就在三天前,基地主城区的拟真生态区,对外城居民开放了一次付费参观。
但是由于放票太少,很多外城居民有钱也没能抢到门票,拟真生态区便又做出了二次付费开放。
抢票日的午后,柴悦宁正躺靠在茶几边的摇椅上闭目养神。
茶几边通讯器的呼叫信号忽然响了起来。
“队长!你想去拟真生态区看看吗?卢启说他有个朋友能帮我们搞到票!”
通讯器那头传来了忍冬的声音,与以往略微沉稳的轻声细语不同,今日的忍冬明显十分兴奋。
忍冬一向对这些东西感兴趣,柴悦宁从她那儿借来的图册就满满都是旧世界的那些花草树木,还有各类早不知灭绝了多少年的飞禽走兽。
不过柴悦宁对那些东西一直不感兴趣。
所以她打了个哈欠:“有人陪你去吗?有我就不去了。

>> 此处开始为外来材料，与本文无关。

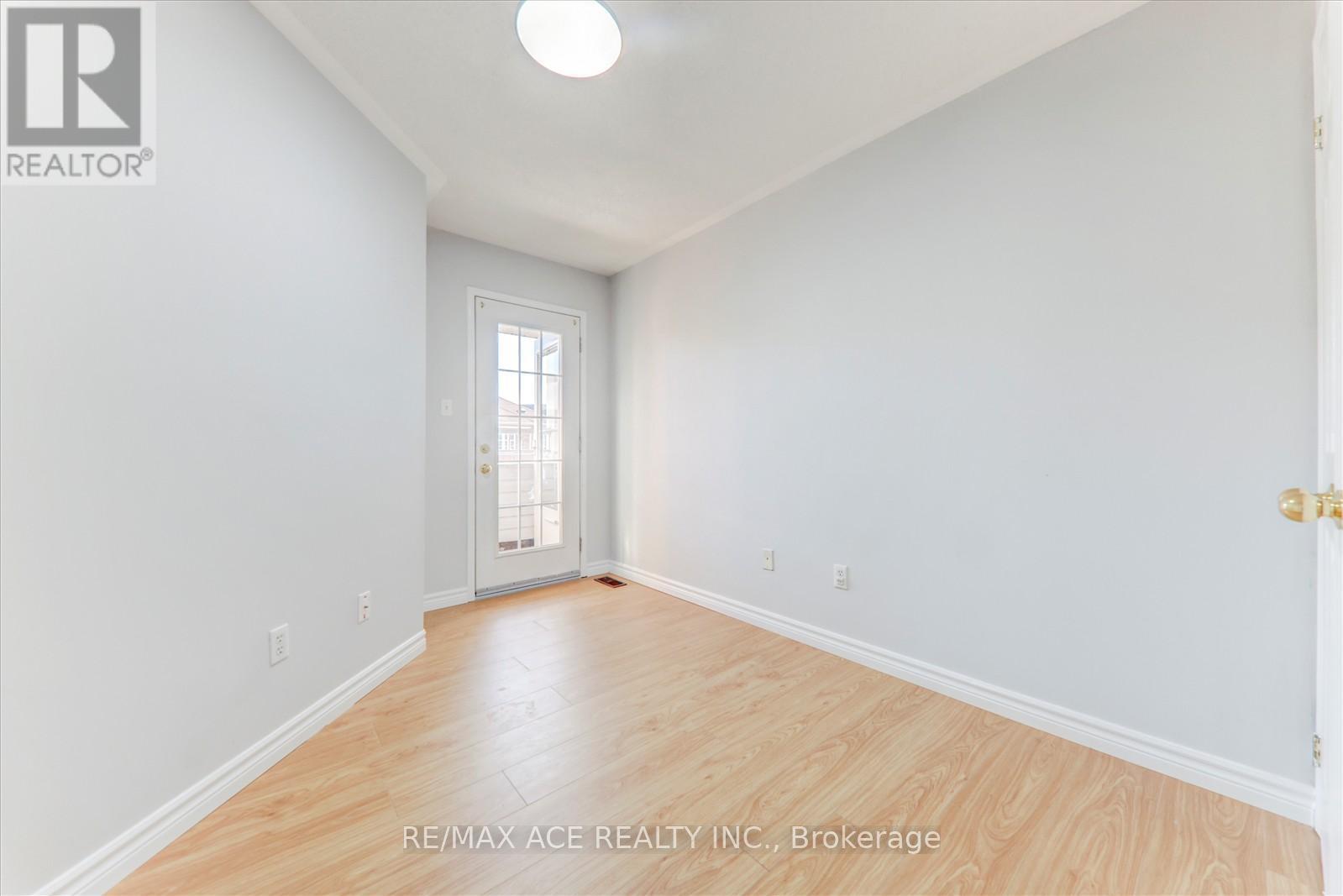 83 Huxtable Lane, Toronto, Ontario  M1B 0A4 - Photo 28 - E12437373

”
“队长,那可是拟真生态区啊,里面培育了好多旧世界的生物,你真不想看看吗?”
“我……”
“褚辞呢?她也不想看看吗?”
柴悦宁一时愣住,目光下意识望向了一旁正在看书的褚辞。
褚辞抬眸,看向柴悦宁的目光里多了几分好奇与期待。